Half of Americans don't understand math and the other three-fourths don't care.
-- Marshall Trimble { Arizona's historian; more... } [arizona history/math]

Let's write the whole number 61 on the whiteboard and ask the question: What does the number 61 mean? {answer}

Without some form of unit, a number is a number is a number. Many of us prefix numbers with a dollar sign ($) when dealing with money. Roadtrippers and commuters suffix numbers with the unit "miles" to represent distances between two locations. Numbers are sometimes suffixed with the degree (°) symbol to represent temperatures when talking about the weather and cooking.

Arithmetic involves executing four basic operations on numbers: addition (+), subtraction (-), multiplication (x) and division (÷).

Definitions

A whole number is zero (0) and the counting (or natural) numbers 1, 2, 3 and so on. Integers are whole numbers that also include their opposites. For example, the opposite of number 5 is number -5 and the opposite of -7 is +7. Numbers prefixed with dash are called negative numbers.

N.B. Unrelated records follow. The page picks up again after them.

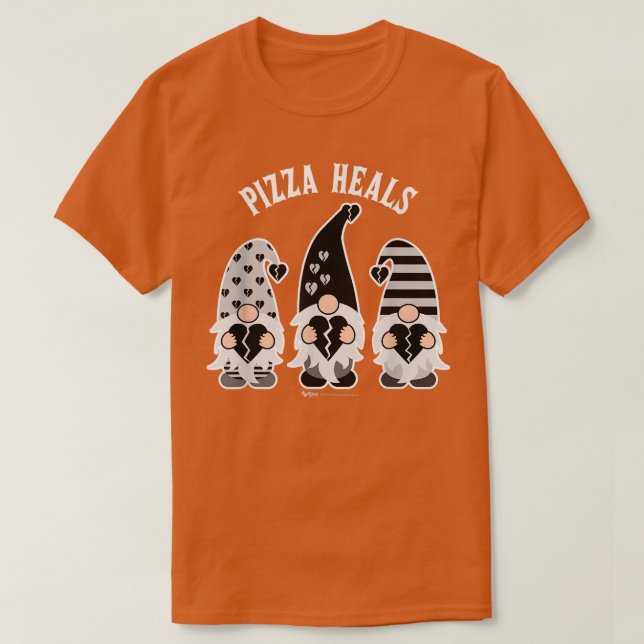 Camiseta Pizza Heals Anti-valentine's Day Gnomes 3266 (Diseño del anverso)
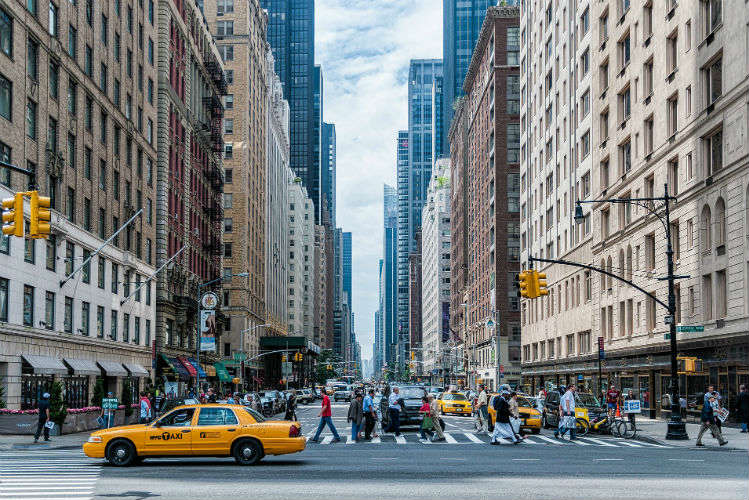 Street in New York, America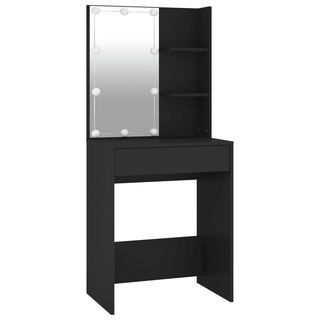 vidaXL LED Dressing Table with Cabinet Black Engineered Wood - Giant Lobelia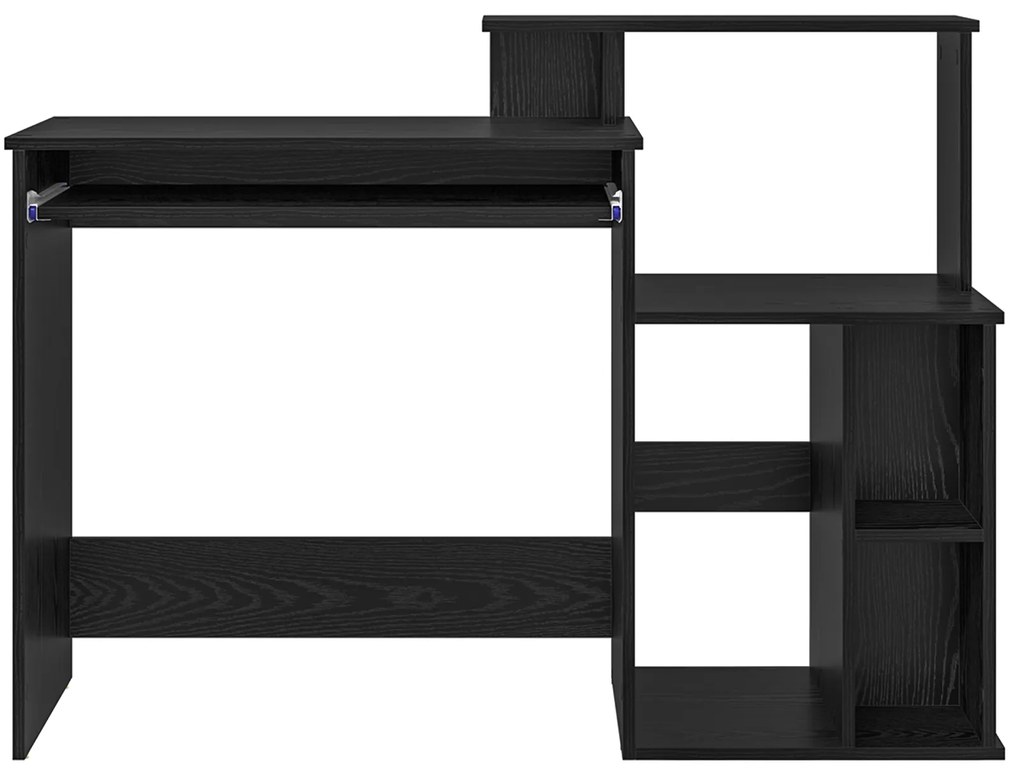 vidaXL Γραφείο με αποθήκευση Μαύρη δρυός 120.5x44x88.5 εκ Επεξεργασμένο ξύλο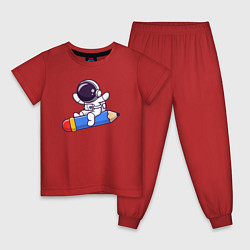 Пижама хлопковая детская Космонавт и карандаш, цвет: красный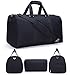 MIER Gym Duffel Bag for Men and Women with Shoe Compartment, Carry On Size, 20inches, Sets of 2(Large and Small), Black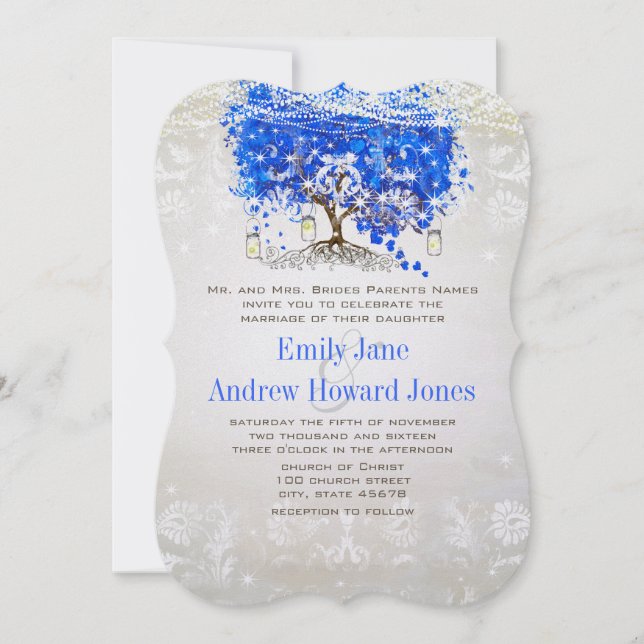 Royal Blue Heart Leaf Tree Wedding Invites Einladung (Vorderseite)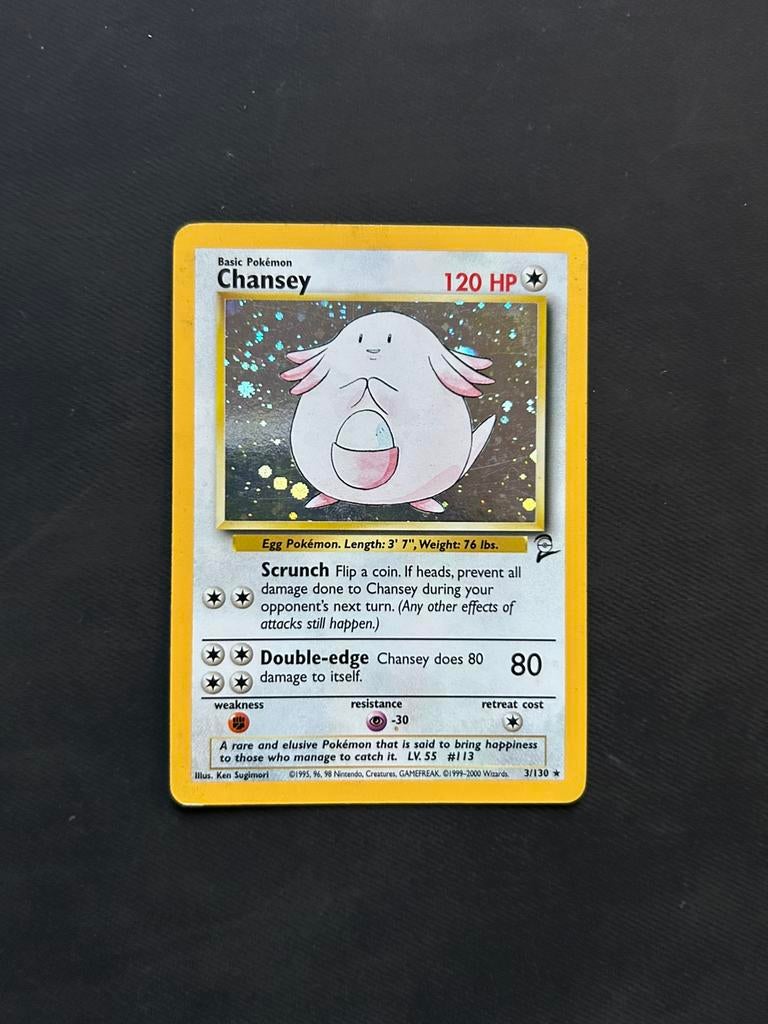 Pokemon - Chansey BS2, Ophalen of Verzenden, Nieuw, Losse kaart, Foil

Negative numbers are less than (<) zero, while positive numbers are greater than (>) zero. Zero is neither positive nor negative.

Two numbers added together result in a sum. Two numbers multiplied together result in a product. One number subtracted from another number results in a difference. One number divided by another number results in a quotient (with potentially a remainder).

PurpleMath.com:: Number Types

Wikipedia.org

Wikipedia.org is "the free encyclopedia" and the GDT website uses it frequently as a resource.

The Wikipedia is a community-based project that belongs to every user of the WWW. It is full of information, mis-information and dis-information; however, many parts of the Wikipedia has usable information.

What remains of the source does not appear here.